**What needs to be done:** Of all the lines below, output only those starting at the one with "MAXYOYO Kids Bean" and ending at the one with "Red Mermaid Off-the-shoulder", both ends included, exactly as written.

+++ Material provided

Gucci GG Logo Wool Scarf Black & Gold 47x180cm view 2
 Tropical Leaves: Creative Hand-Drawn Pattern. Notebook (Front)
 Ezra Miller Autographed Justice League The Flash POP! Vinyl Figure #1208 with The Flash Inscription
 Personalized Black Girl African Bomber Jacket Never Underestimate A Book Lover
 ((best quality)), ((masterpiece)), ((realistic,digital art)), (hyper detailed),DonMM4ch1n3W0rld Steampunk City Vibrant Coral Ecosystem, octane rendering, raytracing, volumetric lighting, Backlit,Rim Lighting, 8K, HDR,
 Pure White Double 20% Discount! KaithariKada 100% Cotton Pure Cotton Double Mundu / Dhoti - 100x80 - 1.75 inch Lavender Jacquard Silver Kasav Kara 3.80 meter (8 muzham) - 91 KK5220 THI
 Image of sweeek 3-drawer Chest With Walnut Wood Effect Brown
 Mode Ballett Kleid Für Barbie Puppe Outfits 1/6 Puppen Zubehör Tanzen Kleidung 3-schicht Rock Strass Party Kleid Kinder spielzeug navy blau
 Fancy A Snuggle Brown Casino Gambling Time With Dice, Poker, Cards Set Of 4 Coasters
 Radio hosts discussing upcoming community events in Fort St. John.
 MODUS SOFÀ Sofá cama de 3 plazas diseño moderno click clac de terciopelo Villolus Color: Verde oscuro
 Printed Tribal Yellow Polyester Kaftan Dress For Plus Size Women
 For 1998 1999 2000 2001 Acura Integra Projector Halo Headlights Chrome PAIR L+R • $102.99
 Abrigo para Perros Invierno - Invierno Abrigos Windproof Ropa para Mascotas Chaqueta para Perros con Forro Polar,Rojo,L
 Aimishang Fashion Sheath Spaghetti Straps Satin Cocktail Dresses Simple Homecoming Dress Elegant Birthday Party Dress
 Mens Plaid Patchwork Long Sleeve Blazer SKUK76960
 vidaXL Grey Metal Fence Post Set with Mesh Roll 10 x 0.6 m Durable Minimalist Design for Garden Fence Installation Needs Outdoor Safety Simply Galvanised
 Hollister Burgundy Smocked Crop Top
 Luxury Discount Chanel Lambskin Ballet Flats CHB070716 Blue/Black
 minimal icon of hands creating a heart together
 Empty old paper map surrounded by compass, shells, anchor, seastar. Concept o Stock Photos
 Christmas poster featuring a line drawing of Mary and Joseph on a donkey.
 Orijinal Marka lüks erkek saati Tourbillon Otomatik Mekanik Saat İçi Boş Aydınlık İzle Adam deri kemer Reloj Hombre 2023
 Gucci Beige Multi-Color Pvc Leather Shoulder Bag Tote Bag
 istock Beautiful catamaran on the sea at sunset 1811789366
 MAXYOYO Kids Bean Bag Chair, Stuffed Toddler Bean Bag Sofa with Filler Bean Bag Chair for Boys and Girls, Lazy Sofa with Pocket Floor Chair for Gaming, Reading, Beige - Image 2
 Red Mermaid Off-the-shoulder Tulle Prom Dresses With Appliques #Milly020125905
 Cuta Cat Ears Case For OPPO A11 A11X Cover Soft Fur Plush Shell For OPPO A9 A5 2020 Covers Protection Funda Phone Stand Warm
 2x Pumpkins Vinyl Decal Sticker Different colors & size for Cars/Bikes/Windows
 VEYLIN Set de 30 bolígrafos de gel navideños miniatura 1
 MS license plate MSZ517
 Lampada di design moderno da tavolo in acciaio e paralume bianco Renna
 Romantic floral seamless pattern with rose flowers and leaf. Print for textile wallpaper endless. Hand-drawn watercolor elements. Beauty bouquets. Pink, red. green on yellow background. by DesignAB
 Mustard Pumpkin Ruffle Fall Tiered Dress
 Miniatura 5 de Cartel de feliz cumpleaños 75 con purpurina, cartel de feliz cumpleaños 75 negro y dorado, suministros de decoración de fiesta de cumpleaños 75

++++++

**Output:**
 MAXYOYO Kids Bean Bag Chair, Stuffed Toddler Bean Bag Sofa with Filler Bean Bag Chair for Boys and Girls, Lazy Sofa with Pocket Floor Chair for Gaming, Reading, Beige - Image 2
 Red Mermaid Off-the-shoulder Tulle Prom Dresses With Appliques #Milly020125905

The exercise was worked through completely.